==== Data for the task

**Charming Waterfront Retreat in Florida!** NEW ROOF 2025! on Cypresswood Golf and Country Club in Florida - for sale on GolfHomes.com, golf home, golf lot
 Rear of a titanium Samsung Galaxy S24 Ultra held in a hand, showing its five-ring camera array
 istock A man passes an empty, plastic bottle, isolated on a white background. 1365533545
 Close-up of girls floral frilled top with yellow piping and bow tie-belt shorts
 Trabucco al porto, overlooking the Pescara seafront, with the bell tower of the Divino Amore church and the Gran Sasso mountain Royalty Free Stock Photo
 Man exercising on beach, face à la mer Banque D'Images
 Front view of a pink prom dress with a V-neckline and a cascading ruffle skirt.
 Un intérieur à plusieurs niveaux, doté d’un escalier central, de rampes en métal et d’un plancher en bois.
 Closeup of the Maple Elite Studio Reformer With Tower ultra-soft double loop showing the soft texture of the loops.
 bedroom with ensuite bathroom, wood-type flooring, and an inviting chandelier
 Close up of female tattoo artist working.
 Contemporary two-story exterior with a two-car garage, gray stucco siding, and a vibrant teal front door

========

■ What this task involves ■
The lines from the one holding "Man exercising on" to the end of the entries are to be repeated exactly, with both ends included and nothing else.

■ Exercise answer ■
 Man exercising on beach, face à la mer Banque D'Images
 Front view of a pink prom dress with a V-neckline and a cascading ruffle skirt.
 Un intérieur à plusieurs niveaux, doté d’un escalier central, de rampes en métal et d’un plancher en bois.
 Closeup of the Maple Elite Studio Reformer With Tower ultra-soft double loop showing the soft texture of the loops.
 bedroom with ensuite bathroom, wood-type flooring, and an inviting chandelier
 Close up of female tattoo artist working.
 Contemporary two-story exterior with a two-car garage, gray stucco siding, and a vibrant teal front door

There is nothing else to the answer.